Democracia não é sinónimo de unanimidade, nem de perfeição. É um processo contínuo de aprendizagem coletiva, onde os erros podem ser corrigidos e as diferenças respeitadas. Num mundo em transformação acelerada marcado pelas alterações climáticas, pela revolução digital, pelas crises geopolíticas e pelas desigualdades persistentes, a democracia é o único sistema que nos permite enfrentar a incerteza com liberdade e responsabilidade, através de instituições robustas e adaptáveis, políticas públicas baseadas em factos e participação de uma cidadania ativa, crítica e informada.

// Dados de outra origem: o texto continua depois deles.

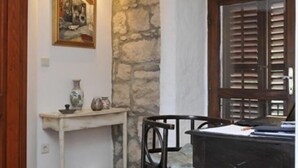 Quarto com parede de pedra, porta de madeira com persianas, escrivaninha com cadeira, mesa pequena com objetos decorativos e quadro na parede.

Mas para que isso seja possível, temos de promover a literacia mediática, valorizar a educação cívica, reforçar a independência da comunicação social, criar pontes entre a ciência e as políticas públicas e combater ativamente a manipulação da verdade. Em vez de fugir da complexidade, temos de abraçá-la como condição da liberdade e como caminho para soluções que sirvam as pessoas.

A democracia só sobreviverá se for capaz de responder aos desafios do século XXI sem abdicar dos seus princípios. E isso começa por recusar o engano confortável em nome da verdade difícil. Porque num mundo de realidades complexas, a resposta mais perigosa é a mentira simplista.